Gsx2^HD dimer model reveals a novel binding interface with residue conservation among the Gsx/Ind family. (A) Expanded front and top views of the protein–protein interface observed in our 7-bp spacer length dimer model. Four residues are primarily localized at the interface: S212, L216, L231 and I234. The two Gsx2^HD monomers are colored yellow and green, and the interface residues are shown in stick representation. (B) Sequence alignment of the HDs Gsx2^HD and Gsx1^HD, which have been shown to bind DNA cooperatively, with close relatives, none of which are expected to bind DNA cooperatively.
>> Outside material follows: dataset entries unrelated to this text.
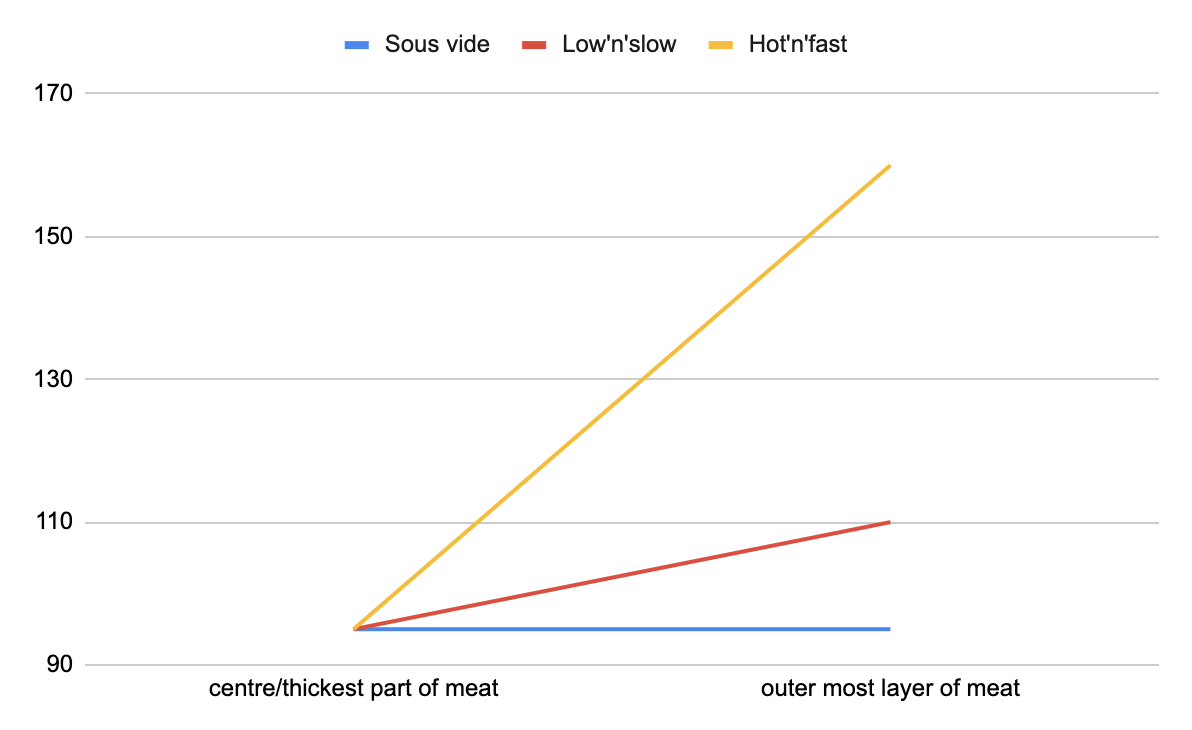 Comparing temperature min/max of different cooking techniques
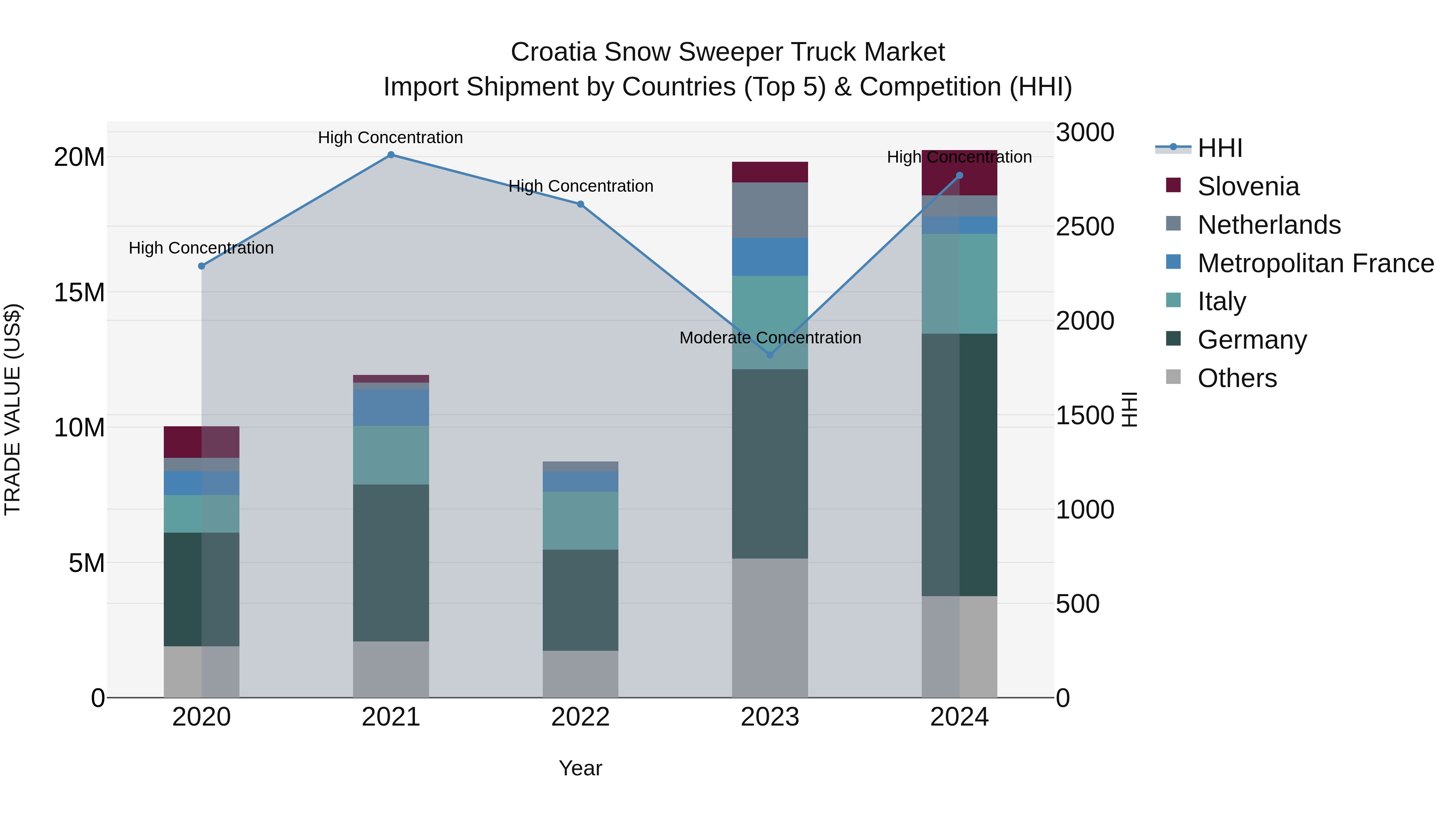 Croatia Snow Sweeper Truck Market Top 5 Importing Countries and Market Competition (HHI) Analysis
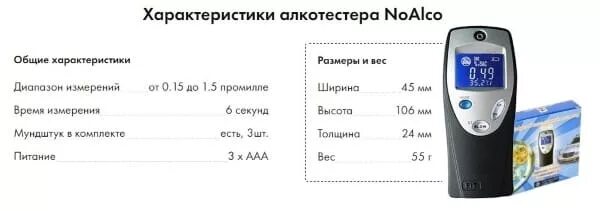 Алкотестер показания таблица. Показатели алкотестера. Прибор алкотестер. Измерение алкотестером. Промилле алкотестер.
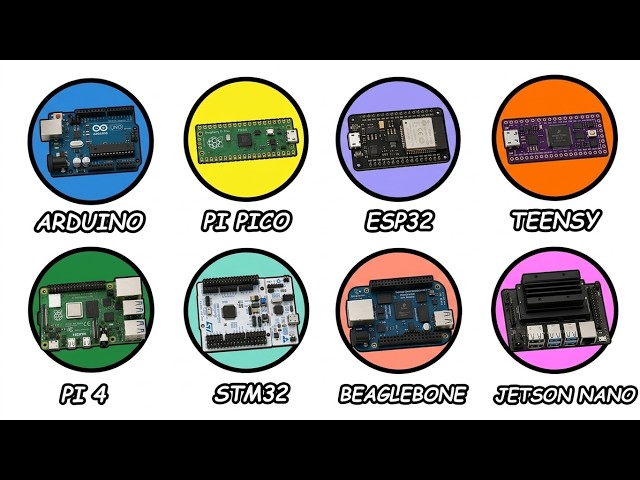 Every Dev Board Explained in 11 Minutes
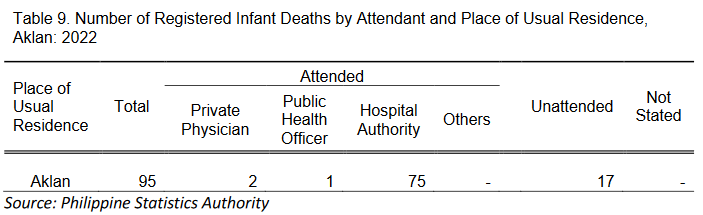 Table 9. Number of Registered Infant Deaths by Attendant and Place of Usual Residence, Aklan: 2022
Red triangles denote residues S212, L216, L231 and I234. Gsx2 residue numbering is above the alignment and the canonical HD numbering scheme is below in blue font. (C) A representative EMSA and corresponding τ factor calculations of WT^HD and I234E^HD binding to the 7bpS (7-bp spacer, cooperative) and 8bpS (8-bp spacer, noncooperative) DNA dimer probes, demonstrating that the I234E^HD protein shows significantly reduced cooperative binding on the 7bpS probe compared to the WT^HD protein. Note that each EMSA probe was tested in four lanes containing the following concentrations of purified Gsx2^HD protein: 0, 25, 100 and 400 nM. Each dot represents the τ value for either the 7-bp or 8-bp spacer probe at each of the different protein concentrations. The mean τ value for each probe:protein combination is noted and error bars denote standard deviation of the mean. Significance was determined by two-way analysis of variance (ANOVA) with Tukey’s multiple comparison test. (D) Replicate EMSA from panel (A) but instead showing WT^167–305 and I234E^167–305 binding to the 7bpS and 8bpS DNA dimer probes. Again, only WT^167–305 on the 7bpS probe is strongly cooperative, demonstrating that even in the presence of the flanking regions around the HD the I234E mutation is sufficient to greatly diminish Gsx2 cooperative DNA binding. Note that each EMSA probe was tested in four lanes containing the following concentrations of purified Gsx2^167–305 protein: 0, 25, 100 and 400 nM. Each dot represents the τ value for either the 7-bp or 8-bp spacer probe at each of the different protein concentrations. Numbers beneath graph bars denote the mean τ value for each probe:protein combination. Error bars denote standard deviation of the mean. Significance was determined by two-way ANOVA with Tukey’s multiple comparison test.